[PROVIDED RECORDS — start]

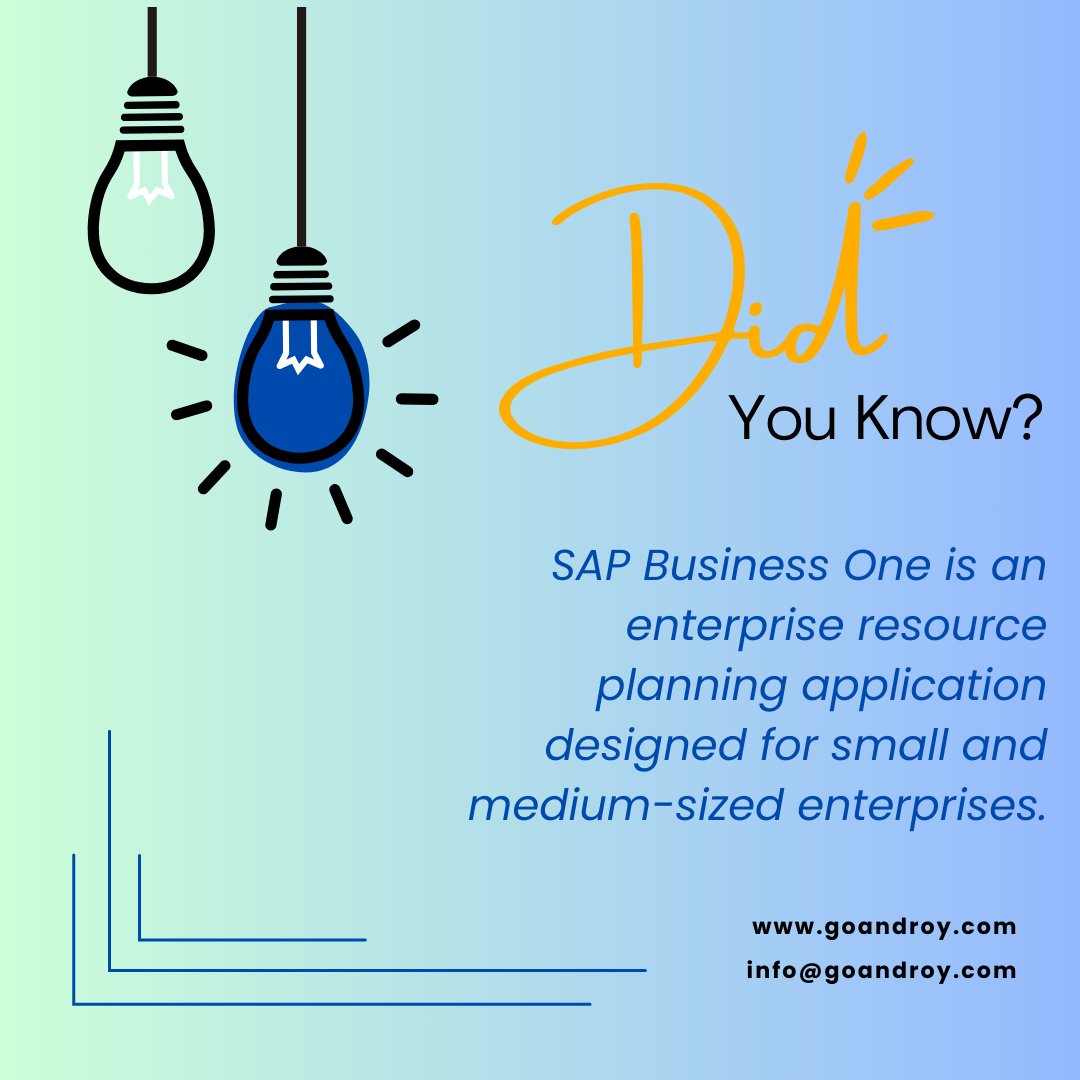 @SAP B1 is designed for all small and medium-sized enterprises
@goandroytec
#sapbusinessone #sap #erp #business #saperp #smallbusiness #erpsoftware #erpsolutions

[PROVIDED RECORDS — finish]
[PROVIDED RECORDS — start]

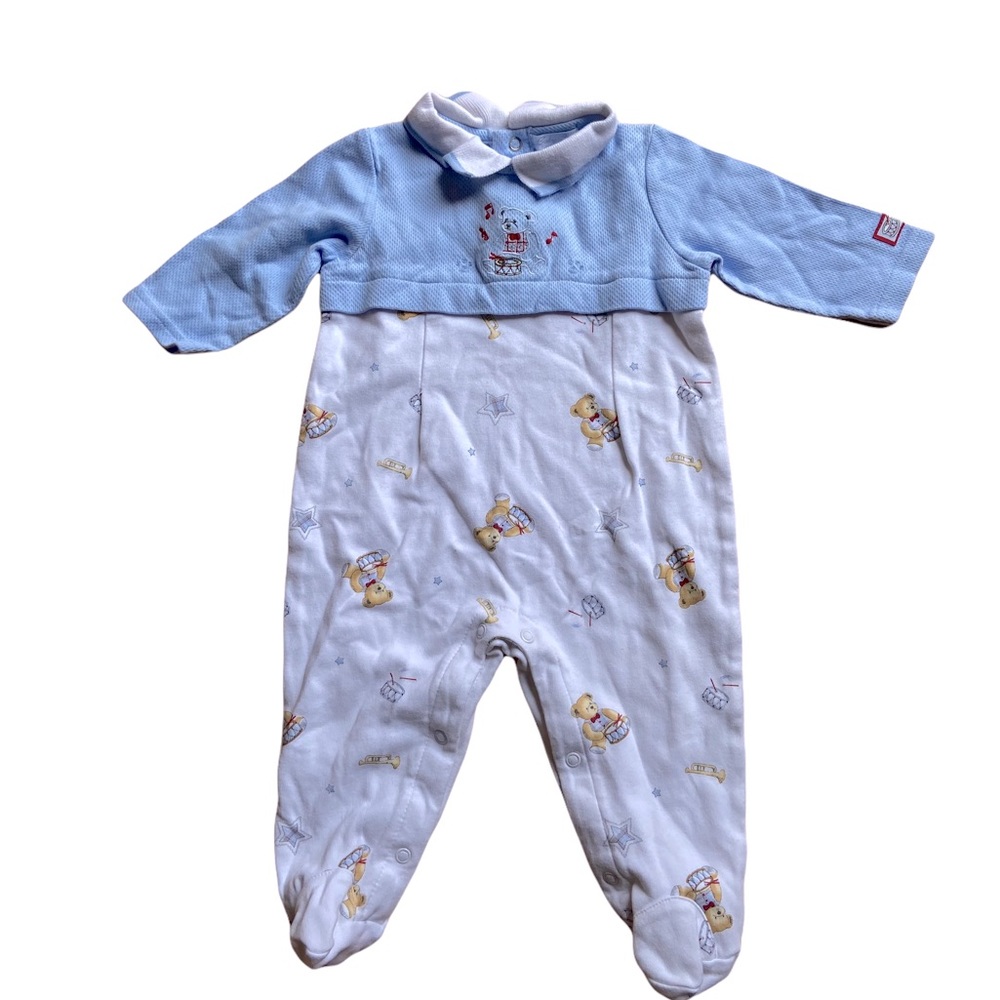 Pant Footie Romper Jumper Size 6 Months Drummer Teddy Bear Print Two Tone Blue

[PROVIDED RECORDS — finish]

EXERCISE OBJECTIVE: Beginning at the line that has "and medium-sized enterprises" and ending at the line that has "#sapbusinessone #sap #erp", restate the listing above word for word, pictures left out.

ANSWER TO THIS EXERCISE:
 @SAP B1 is designed for all small and medium-sized enterprises
@goandroytec
#sapbusinessone #sap #erp #business #saperp #smallbusiness #erpsoftware #erpsolutions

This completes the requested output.